Violinist Yuriy Bekker, music director of the series, along with two other internationally renowned musicians, cellist Natalia Khoma and pianist Volodymyr Vynnytsky, presented two pieces by classical composers Joseph Haydn and Ernest Chausson in an hour-long performance that was intense, rich and melodious.
The trio took on Haydn’s Piano Trio No. 39 in G major, “Gypsy,” and Chausson’s Piano Trio in G minor, Opus 3, with a narrative-like skill. The audience was riveted as the violin, cello and piano worked independently and cohesively to convey the melancholy, joy and sorrow the composers intended.
Bekker prefaced the performance with a little background on the compositions. The “Gypsy” reference in Haydn’s most well-known trio relates back to folk music themes from Ukraine, a part of the Austro-Hungarian empire. As for French composer, painter and poet Chausson, his prolific trio in four movements worked perfectly to define his ability in creating a rich narrative-like invention.

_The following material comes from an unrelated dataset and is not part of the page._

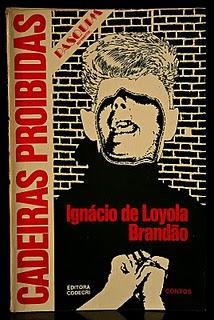 Cadeiras proibidas, Ignácio de Loyola Brandão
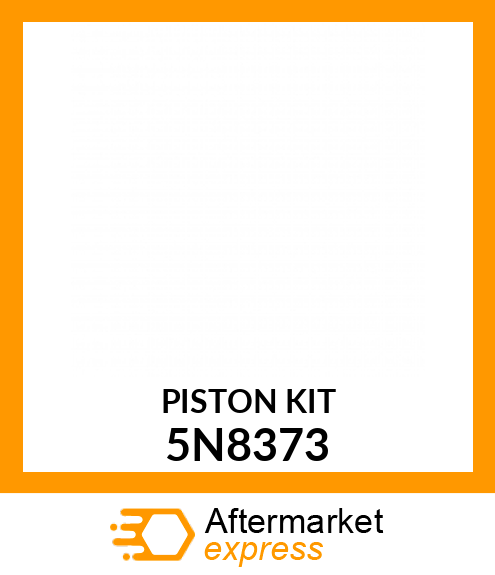 PISTON KIT 5N8373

Haydn’s first movement, andante, is moderately paced, used by Bekker to begin the concert on a joyful, hopeful tune before transitioning to a dramatic section and ending with the whole trio in a flourish. It flowed into the adagio, which had pianist Vynnytsky take cheerful precedence followed by a dense, ominous tune by cellist Khoma. Bekker interjected and filled the air with notes of glory which slowed down before the return of the piano to the forefront, building momentum and ending swiftly in a combined melody. In the quick-paced rondo, all three artists rose in equal measure, responding to one another not just with their instruments but with facial expressions as well. There was an intermediate moment of a single breath before Vynnytsky set the hurried pace to end the “Gypsy” in a perfectly timed, combined theatrical crescendo.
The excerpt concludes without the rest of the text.